What You Need to Know About Atrial Fibrillation

Almost a half-million new cases of atrial fibrillation or heart palpitations are diagnosed each year in the U.S. Also known as arrhythmia, or auricular fibrillation, this causes heart palpitations ,shortness of breath, fatigue, weakness, dizziness, confusion, fainting, foot and ankle swelling and coughs with foamy mucus. 


It's currently the most common problem regarding the heart's rhythm. The main cause of heart failure and a major risk factor for stroke is atrial fibrillation. The heart contains four chambers, where the two upper chambers are called atria which is where the blood enters. Then the chambers contract to fill the lower chambers called ventricles. From there, the lower chambers contract and pump blood to the rest of the body. A normal heartbeat will have normal contractions and both the upper and lower chambers work at the same pace. With fibrillation, the upper chambers beat much faster than the lower ones. So the upper chambers beat much faster than the lower ones. So the ventricle won't completely fill and the heart has to work harder to get blood to the rest of the body.

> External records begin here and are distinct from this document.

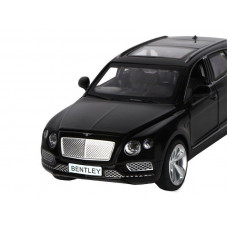 Машина "АВТОПАНОРАМА" Bentley Bentayga, черный, 1/34, свет, звук, инерция, в/к 17,5*13,5*9 см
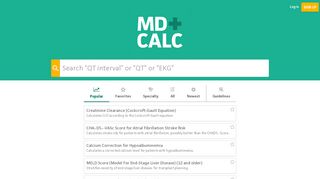 
                            10. MDCalc - Medical calculators, equations, algorithms, and scores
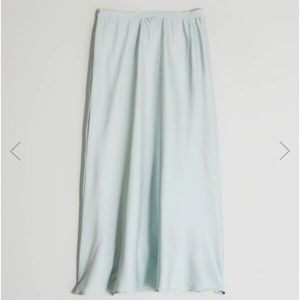 NEED SUPPLY Madina Slip Skirt (Sage)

It's possible to have this condition and no notice any symptoms. Irregular pulse is usually the first sign or hard to find because it's so weak. Patients may also feel tired and weak with a sensation that their heart is racing. It's possible to go months before a doctor notices a problem during a physical exam. The longer it goes untreated the more likely you are to notice symptoms of heart failure. 

Strokes are also a potential problem, which is why it's imperative patients see their doctor immediately for a full heart evaluation. As far as treating this, it really depends on the severity of the symptoms and whether or not you already have heart disease. The first step is to address the fibrillation, it could mean making lifestyle changes such as cutting out alcohol or caffeine and eating a heart-healthy Your doctor may prescribe heart rhythm medications and a blood thinner may also help. 

Those most at risk have a history of Graves' disease, hyperthyroidism, older age, alcoholism and a family history of irregular heartbeats. 

Atrial fibrillation is often diagnosed with a physical exam and an electrocardiogram (EKG). Some patients' heartbeats may stay regular during an EKG. So they wear a Holter monitor that records the heart's rhythm over a 24-hour period. Others wear a monitor they can activate when they feel their heartbeat become irregular. Ultrasound, or echocardiogram, is sometimes used to look for conditions that may accompany atrial fibrillation.